Task instructions
Output the entries below exactly, from the first line to the line holding "8648 Tamarack Drive", both included.

Web page caption snippets
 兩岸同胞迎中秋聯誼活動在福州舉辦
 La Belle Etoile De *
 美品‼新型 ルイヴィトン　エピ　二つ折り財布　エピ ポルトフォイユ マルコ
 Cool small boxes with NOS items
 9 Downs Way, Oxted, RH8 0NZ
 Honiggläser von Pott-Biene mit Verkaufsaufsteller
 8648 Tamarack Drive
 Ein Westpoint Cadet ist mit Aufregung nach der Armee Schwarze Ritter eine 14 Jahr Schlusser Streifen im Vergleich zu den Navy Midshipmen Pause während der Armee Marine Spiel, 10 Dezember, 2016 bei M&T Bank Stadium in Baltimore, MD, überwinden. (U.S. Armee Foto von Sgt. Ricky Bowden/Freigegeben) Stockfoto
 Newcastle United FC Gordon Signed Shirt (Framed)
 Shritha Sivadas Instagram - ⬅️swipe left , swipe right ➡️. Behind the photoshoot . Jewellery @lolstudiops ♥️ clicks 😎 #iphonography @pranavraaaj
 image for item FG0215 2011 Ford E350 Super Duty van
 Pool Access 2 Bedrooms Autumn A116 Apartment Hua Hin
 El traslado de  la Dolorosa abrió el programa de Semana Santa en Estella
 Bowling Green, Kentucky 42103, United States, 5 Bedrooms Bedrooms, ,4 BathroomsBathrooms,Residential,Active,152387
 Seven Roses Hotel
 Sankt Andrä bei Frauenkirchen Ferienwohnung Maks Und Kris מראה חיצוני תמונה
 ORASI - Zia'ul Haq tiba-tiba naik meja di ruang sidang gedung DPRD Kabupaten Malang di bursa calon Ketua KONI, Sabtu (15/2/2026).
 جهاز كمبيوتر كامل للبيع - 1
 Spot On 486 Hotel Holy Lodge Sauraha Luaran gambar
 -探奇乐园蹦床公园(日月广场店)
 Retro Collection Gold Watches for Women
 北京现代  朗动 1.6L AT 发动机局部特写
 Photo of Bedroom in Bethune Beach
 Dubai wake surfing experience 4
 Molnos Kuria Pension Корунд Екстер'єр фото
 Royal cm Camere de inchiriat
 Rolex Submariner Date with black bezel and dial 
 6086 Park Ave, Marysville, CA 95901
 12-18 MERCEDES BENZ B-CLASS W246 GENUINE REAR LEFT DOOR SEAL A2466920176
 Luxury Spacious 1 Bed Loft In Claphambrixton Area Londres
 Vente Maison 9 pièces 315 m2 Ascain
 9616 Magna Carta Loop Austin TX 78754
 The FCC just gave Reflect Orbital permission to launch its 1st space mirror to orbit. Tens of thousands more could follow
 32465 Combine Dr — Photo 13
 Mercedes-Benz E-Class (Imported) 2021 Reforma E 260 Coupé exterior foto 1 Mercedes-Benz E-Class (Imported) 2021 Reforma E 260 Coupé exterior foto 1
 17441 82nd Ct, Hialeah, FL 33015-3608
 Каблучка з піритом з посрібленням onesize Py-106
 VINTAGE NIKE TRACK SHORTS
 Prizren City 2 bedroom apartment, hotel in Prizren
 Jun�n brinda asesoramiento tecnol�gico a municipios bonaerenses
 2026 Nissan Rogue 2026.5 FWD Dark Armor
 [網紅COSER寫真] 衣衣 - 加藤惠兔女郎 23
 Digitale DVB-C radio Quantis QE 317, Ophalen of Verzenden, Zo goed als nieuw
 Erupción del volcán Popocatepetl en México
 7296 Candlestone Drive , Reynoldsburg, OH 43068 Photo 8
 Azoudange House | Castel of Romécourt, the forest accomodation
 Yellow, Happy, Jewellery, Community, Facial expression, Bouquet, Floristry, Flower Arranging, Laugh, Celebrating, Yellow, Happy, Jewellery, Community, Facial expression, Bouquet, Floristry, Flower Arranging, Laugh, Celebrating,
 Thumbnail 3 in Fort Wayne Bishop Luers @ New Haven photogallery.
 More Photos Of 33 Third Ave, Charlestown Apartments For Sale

Answer section
 兩岸同胞迎中秋聯誼活動在福州舉辦
 La Belle Etoile De *
 美品‼新型 ルイヴィトン　エピ　二つ折り財布　エピ ポルトフォイユ マルコ
 Cool small boxes with NOS items
 9 Downs Way, Oxted, RH8 0NZ
 Honiggläser von Pott-Biene mit Verkaufsaufsteller
 8648 Tamarack Drive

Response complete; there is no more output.